8.3 Propagation of a wave in the atmosphere - Line shapes

A plane wave propagating along the z direction in the atmosphere can be represented by its electric field vector ${\bf E}$:

$${\bf E}(z,t)= {\bf E}_m e^{-j2\pi\nu(t-n_c \frac{z}{c})}$$ (8.20)

where n_c= n + jn_i is the complex refraction index.

The real part, the true refraction index, n= c/v_p (where v_p is the phase velocity of the wave), is often expressed in terms of the refractivity,

$$N = 10^6(n-1) \simeq 0.223\rho_a + 1760\rho_w/T$$ (8.21)

The right hand sum, which was empirically derived, is known as the Smith-Weintraub equation. It separates the contribution of the dry air component (first term, where $\rho_a$ is the air density, expressed in gm^-3) from that of water vapor (second term, where $\rho_w$ is the density of water vapor).

The imaginary part of the refraction index, n_j causes an exponential attenuation of the wave amplitude, and is related to the power absorption coefficient $\kappa_\nu$ by:

$$n_j= {\frac{c\kappa_\nu}{4\pi\nu}}$$ (8.22)

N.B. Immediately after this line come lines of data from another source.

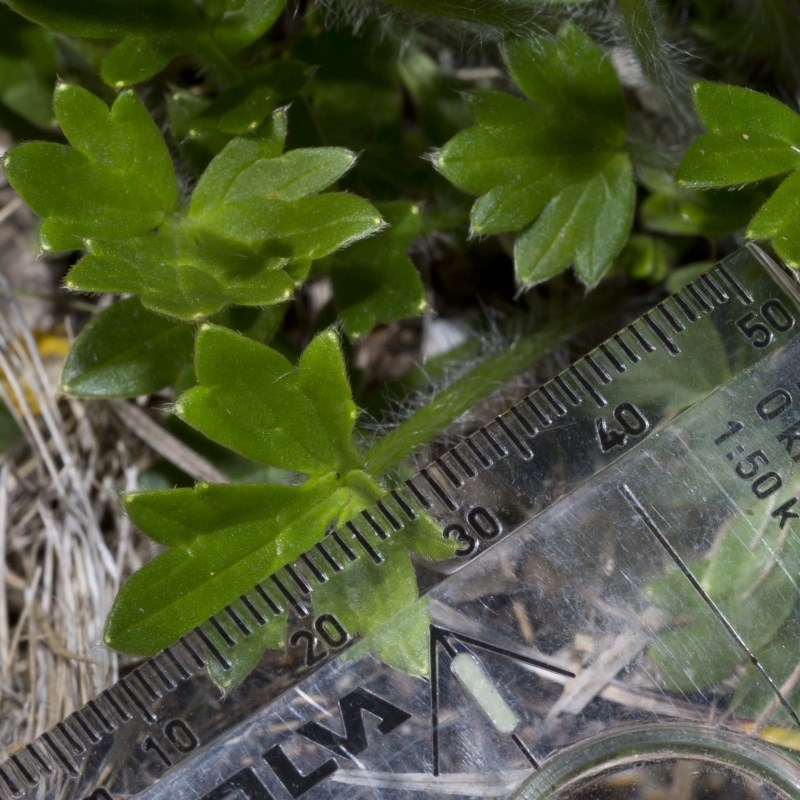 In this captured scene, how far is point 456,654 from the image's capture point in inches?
79.4

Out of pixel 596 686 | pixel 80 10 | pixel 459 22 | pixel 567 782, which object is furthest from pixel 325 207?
pixel 567 782

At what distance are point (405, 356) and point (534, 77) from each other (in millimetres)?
949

At a frequency $\nu$ close to a rotational transition $\nu_{lu}= (E_u-E_l)/h$, the optical depth is:

$$\tau_\nu = \int \kappa_\nu{(T, P)} dh$$ (8.23)

$\kappa_{lu}$, the absorption coefficient integrated over the transition lu is given by the standard asymmetric top formula (see e.g. [Townes & Schawlow 1975] p.102):

$$\kappa_{lu}= \frac{8\pi^2 h^{1.5}}{3c(kT)^{2.5}} (\frac{\rho_... ...-2.5} (1-\frac{h\nu}{kT}) e^{E_l/kT} \nu_{lu}^2\Phi(\nu-\nu_o)$$ (8.24)

Replacing A, B, C, the rotational constants (here in Hz), and $\mu = 1.85$ Debye  $= 1.85\,10^{-18}$ esu.cm, the electric dipole moment, by their values for H₂O, and setting $(1-\frac{h\nu}{kT})=1$,

$$\kappa_{lu}^w [cm^{-1}]= 5.7 10^{-24}(\rho_w/m_w)g_IS_{lu}(T/273)^{-2.5} e^{E_l/kT}\nu_{lu}^2\Phi(\nu-\nu_o)$$ (8.25)

S_lu is the transition intrinsic strength, g_I= 3/2 or 1/2 is the nuclear relative statistical weight of the ortho and para levels (see below), and $\Phi(\nu-\nu_o)$ the line profile. $\nu_{lu}$ is now in GHz.

The line profile is given to a good approximation by the well known Van Vleck and Weisskopf collisional profile (here, multiplied by $\pi$, [Townes & Schawlow 1975] p.342):

$$\Phi(\nu-\nu_o)= \frac{\Delta\nu}{(\nu-\nu_o)^2 + (\Delta\nu)^2} + \frac{\Delta\nu} {(\nu+\nu_o)^2 + (\Delta\nu)^2}$$ (8.26)

with $\Delta\nu = \frac{1}{2\pi\tau}$, where $\Delta\nu$ is the line width and $\tau$ the mean time between molecular collisions.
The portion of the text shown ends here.